Lo stress economico causato della pandemia continuerà a esacerbare i rischi geopolitici nel corso del 2021, amplificando le minacce che le economie – già fragili – dovranno affrontare: è quanto emerge da un nuovo studio di Marsh, leader globale nell’intermediazione assicurativa e nella consulenza sui rischi.

La Political Risk Map 2021, pubblicata da Marsh Specialty, evidenzia in tutte le regioni del globo un aumento del rischio economico per i Paesi come mai prima d’ora, spinto dall’aumento delle spese in deficit nel corso degli ultimi 12 mesi a cui si aggiungono, nelle economie meno sviluppate, i rischi sovrano e di credito commerciale.
Secondo il report, la pressione esercitata sui finanziamenti pubblici nei mercati emergenti è una conseguenza dell’incremento del debito sovrano, che può incidere in modo sfavorevole sia sulle imprese nazionali che su quelle di proprietà straniera.

I risultati che emergono dalla Political Risk Map 2021 riflettono le indicazioni contenute nel Global Risks Report 2021, realizzato dal World Economic Forum, evidenziando come la pandemia di COVID-19 stia aumentando le disparità tra le economie emergenti e i paesi industrializzati e alimentando la frammentazione sociale, che nel corso dei prossimi 5-10 anni andrà a indebolire la stabilità geopolitica.

La disuguaglianza sociale appare inoltre come una minaccia per diverse regioni, soprattutto in Europa e nelle Americhe, con la possibilità che in futuro questa arrivi a influenzare le elezioni, a contribuire al nazionalismo politico ed economico e a creare le condizioni per accendere dei conflitti.

A seguito della pandemia di COVID-19, diversi Paesi hanno intrapreso (o modificato) strategie di credito commerciale sostenute dallo Stato, con l’obiettivo di raggiungere una maggiore stabilità economica. Benché queste azioni stiano sostenendo il commercio interno e l’export, alcuni critici osservano come queste azioni stiano mantenendo in vita delle aziende “zombie”, caratterizzate da grandi debiti e poche riserve di contanti. Per molte di queste realtà, la Political Risk Map 2021 indica infatti un massivo rischio di bancarotta, una volta che gli stimoli governativi saranno giunti al termine.

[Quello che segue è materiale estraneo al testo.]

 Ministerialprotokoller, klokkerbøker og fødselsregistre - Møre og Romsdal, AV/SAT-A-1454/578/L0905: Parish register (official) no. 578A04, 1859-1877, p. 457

Stephen Kay, Global Head of Political Risks, Marsh Specialty, osserva: “Mentre il mondo si sta riprendendo dagli effetti del COVID-19, ci aspettiamo che i problemi relativi alla disuguaglianza sociale, al rischio economico per i diversi Paesi e il nazionalismo delle risorse strategiche possano diventare il fattore chiave nell’influenzare le decisioni politiche. Nonostante le aree ad alto rischio siano in crescita, rimangono delle opportunità per le entità aziendali, finanziarie e per gli investitori. Il rischio politico assicurato e le soluzioni di credito possono infatti aiutare ad assicurare il commercio e i capitali investiti, sbloccare la liquidità e abilitare la crescita che alimenterà e sosterrà la ripresa dal COVID-19”.

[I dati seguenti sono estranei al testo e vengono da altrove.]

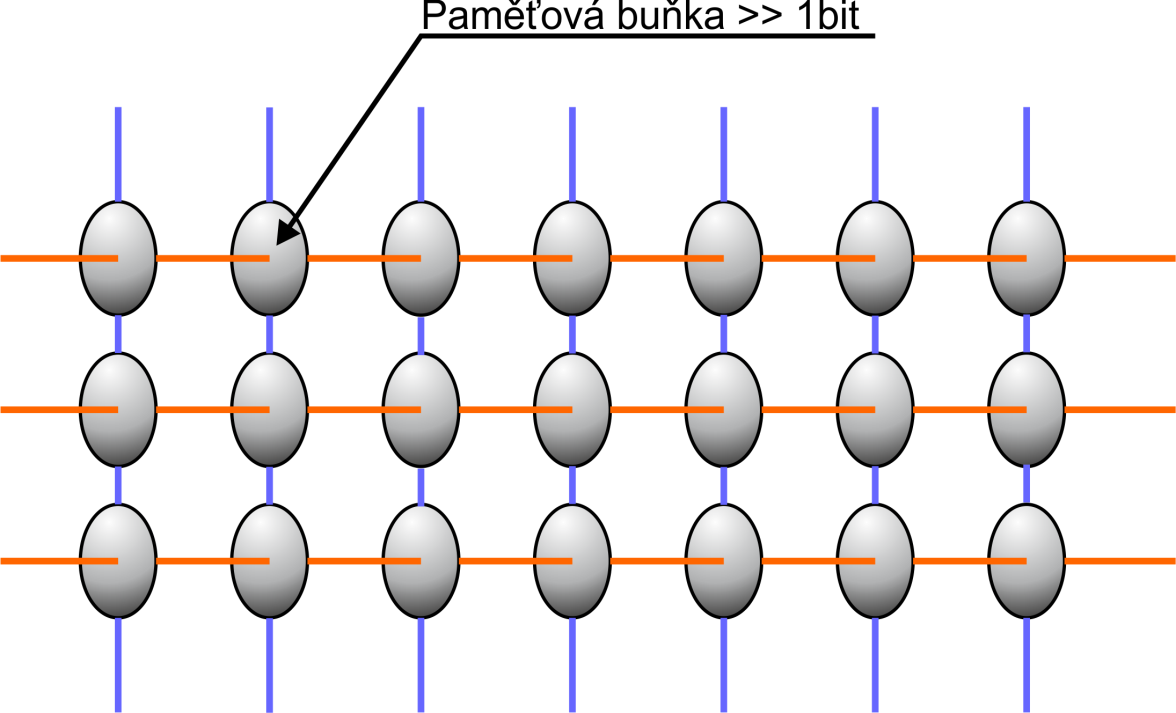 Fyzikální princip = Paměť je tvořena maticí elektronických prvků = Každý prvek nabývá stavu 0 nebo 1 =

La Political Risk Map 2021 è stata realizzata sulla base dei dati raccolti dalla piattaforma World Risk Review di Marsh Specialty. La piattaforma classifica 197 paesi e territori attraverso nove indicatori legati alla sicurezza, al commercio e agli investimenti. La mappa interattiva può aiutare le organizzazioni multinazionali a prendere decisioni più informate in merito a come destinare le proprie risorse finanziarie e gestire i rischi associati a operazioni, asset, investimenti e contratti nel prossimo anno.